Climate change and the changing nature of global competitiveness
Yesterday, I was fortunate to speak in a panel discussion hosted by South Pole at the 5th Australasian Emissions Reduction Summit. The panel talked about China’s emissions trading scheme (ETS) and what it means for China and Australia in terms of competitiveness and corporate action. Our discussion highlighted some of the ways in which our global economy is being reshaped to meet the Paris Agreement ambition on climate change.
Our panel also included Jiang Kechun, Senior Researcher at the Energy Research Institute at China’s National Development and Reform Commission, John Davis, Director, Finance Industry at South Pole and moderator, Tom Schröder, Director of Marketing and Communications at South Pole.
China’s ambition on climate change
Jiang Kechun’s presentation brought to life the scale and pace of policy and technology developments that are occurring in China.
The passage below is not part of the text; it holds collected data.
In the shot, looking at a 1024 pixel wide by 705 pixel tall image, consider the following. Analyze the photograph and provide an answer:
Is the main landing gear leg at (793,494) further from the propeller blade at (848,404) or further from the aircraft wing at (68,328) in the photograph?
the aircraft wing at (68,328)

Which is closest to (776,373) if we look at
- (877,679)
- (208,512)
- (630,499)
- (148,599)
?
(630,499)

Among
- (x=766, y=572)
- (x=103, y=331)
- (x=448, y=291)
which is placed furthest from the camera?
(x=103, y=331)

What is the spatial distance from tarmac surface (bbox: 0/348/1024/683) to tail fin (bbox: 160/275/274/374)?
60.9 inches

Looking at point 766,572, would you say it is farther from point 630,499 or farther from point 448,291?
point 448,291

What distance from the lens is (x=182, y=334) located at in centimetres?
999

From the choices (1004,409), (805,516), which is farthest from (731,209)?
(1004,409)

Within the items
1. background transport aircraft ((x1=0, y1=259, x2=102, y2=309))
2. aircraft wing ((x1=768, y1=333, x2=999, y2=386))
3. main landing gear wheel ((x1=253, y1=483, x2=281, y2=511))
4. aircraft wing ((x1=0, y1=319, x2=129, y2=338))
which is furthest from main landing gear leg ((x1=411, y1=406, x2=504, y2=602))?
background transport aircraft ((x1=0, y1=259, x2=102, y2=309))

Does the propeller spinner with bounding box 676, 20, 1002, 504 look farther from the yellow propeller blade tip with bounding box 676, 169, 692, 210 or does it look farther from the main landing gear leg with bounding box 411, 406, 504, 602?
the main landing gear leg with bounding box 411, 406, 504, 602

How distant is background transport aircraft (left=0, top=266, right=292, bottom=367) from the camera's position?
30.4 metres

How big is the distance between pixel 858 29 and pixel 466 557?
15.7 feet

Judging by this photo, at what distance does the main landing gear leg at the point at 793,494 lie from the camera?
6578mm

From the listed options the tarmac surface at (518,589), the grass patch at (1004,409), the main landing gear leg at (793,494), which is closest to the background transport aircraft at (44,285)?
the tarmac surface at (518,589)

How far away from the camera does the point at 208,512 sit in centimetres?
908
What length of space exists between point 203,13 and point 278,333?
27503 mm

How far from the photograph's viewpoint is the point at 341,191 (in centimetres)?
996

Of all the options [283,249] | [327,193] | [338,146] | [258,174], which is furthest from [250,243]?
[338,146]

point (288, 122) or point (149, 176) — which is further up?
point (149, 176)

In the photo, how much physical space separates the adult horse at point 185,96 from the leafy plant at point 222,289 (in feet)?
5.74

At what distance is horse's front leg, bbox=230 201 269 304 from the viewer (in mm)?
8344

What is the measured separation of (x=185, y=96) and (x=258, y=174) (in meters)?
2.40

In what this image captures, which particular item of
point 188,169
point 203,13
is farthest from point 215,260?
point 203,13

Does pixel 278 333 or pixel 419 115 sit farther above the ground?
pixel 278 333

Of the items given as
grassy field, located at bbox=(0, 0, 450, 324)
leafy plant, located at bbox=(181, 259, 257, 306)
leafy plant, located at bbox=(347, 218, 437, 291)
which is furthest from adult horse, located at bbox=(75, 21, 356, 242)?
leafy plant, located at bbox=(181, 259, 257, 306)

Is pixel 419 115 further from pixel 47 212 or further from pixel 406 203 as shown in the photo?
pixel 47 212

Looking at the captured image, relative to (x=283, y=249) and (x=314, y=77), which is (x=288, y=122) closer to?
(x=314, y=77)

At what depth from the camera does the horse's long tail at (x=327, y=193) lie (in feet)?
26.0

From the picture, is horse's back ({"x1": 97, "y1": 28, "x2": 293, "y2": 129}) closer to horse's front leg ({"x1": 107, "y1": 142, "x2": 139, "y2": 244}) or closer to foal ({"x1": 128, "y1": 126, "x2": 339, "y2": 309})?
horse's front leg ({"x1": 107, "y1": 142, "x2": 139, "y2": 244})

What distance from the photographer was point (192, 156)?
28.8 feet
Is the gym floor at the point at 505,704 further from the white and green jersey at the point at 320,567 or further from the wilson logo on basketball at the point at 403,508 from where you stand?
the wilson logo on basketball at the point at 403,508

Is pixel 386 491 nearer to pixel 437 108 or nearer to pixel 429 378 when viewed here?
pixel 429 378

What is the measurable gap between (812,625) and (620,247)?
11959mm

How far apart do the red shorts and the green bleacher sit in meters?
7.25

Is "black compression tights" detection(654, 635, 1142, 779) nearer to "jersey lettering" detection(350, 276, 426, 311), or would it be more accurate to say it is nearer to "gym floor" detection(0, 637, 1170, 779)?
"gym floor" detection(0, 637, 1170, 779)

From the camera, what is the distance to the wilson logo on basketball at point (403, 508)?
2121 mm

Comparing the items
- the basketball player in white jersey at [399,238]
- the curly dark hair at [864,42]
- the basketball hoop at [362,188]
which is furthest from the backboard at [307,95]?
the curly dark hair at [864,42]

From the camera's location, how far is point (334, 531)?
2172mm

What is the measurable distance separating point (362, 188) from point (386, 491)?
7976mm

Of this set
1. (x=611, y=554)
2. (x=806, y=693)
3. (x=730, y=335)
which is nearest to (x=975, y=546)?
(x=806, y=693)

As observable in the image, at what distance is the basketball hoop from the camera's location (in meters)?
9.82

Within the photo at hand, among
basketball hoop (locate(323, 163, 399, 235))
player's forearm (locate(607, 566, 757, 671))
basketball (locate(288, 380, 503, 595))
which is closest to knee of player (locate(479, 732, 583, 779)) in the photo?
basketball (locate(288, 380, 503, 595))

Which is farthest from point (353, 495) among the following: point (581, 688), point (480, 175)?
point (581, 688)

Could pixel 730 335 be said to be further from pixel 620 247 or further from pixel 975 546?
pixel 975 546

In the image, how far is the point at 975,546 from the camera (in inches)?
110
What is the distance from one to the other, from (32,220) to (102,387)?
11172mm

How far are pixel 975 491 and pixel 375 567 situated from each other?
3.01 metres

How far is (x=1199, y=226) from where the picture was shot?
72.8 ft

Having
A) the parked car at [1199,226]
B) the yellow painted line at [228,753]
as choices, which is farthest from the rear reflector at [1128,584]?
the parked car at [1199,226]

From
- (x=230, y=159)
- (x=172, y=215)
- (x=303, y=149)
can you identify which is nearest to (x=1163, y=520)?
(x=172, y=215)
Driven equally by domestic concerns about China’s environment and pollution and the need to ensure China’s future global competitiveness, it is apparent that China perceives action on climate change as fundamental to its continued economic prosperity and geopolitical influence. China’s nationally determined contribution (NDC) articulated under the Paris Agreement committed China to reduce the CO2 emissions intensity of the economy by 60–65% in 2030 relative to 2005, and to stop the rise in absolute CO2 emissions around 2030.
China’s ETS will initially cover around 3 GtCO2 per year or around about 8% of global CO2 emissions. At full coverage it would encompass around 5 GtCO2 per year, more than two and half times greater than the EU scheme which is currently the world’s first and largest ETS. By 2020, it is anticipated to cover eight sectors, including steel and aluminium. Jiang also elaborated on China’s intention to introduce a national carbon tax which would work in tandem with the ETS to drive the decarbonisation of China’s economy. China’s bold rural electrification program also positions China to fundamentally reorient its electricity and transport sectors towards clean technologies.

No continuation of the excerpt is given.